Geeft niets, in het stroompje doet die vis het ook heel leuk. Het schip kruipt steeds dichterbij. Het gevaarte valt stil op een meter van het rechtermuurtje. De linkerboeg raakt voorzichtig de stootbalk aan. De schipper maakt met een polsdik koord de voorkant vast. Kijkt dat vanaf zijn diepliggende schip naar het zeiltje dat hij bijna overvaren heeft. Het staat heel parmantig een halve meter van boot af. Hij kijkt me nors aan zegt niets en gaat verder met het vastmaken van de kolos. Ook goeie middag.
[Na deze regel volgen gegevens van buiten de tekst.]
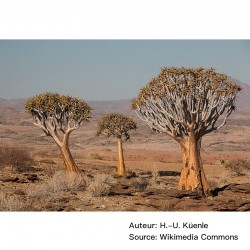 Aloe dichotoma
De zon kan niet meer weerkaatsen op het water. Daar ligt die chagrijn nu met zijn enorme zandbak. Vanaf de andere kant zie ik dat de ijsplaat onder de brug door is geperst. Even de armen uit mijn net. Met het gevorkte blok geef ik de complete schaatsbaan een duw. Het valt nog niet mee om er beweging in de krijgen. Toch is het net genoeg. Alles kan blijven staan. Ik heb er nog steeds vertrouwen in. Ook in het elfsteden jaar kwamen er aanbeten tegen de schemering.
Een tafeleend stoort zich absoluut niet aan me. Gaat rustig zijn kostje bij elkaar zoeken. Elegante duik. Klein bellenspoortje. Bijna een minuut onder water. Steeds weer op de zelfde plek. Er is kennelijk genoeg te halen. Misschien graast de eend een mosselbankje af. In het laatste zonlicht is deze vogel op zijn mooist. Effen grijze vleugelpartij is in mooi contrast met kastanjebruine kop. Nog even, dan is de zon weg. Een paar kale takken houden wat van de gloed tegen. Dat is al duidelijk voelbaar. Het wordt steeds kouder. Zon weg. Harde wind. Het vriest al weer.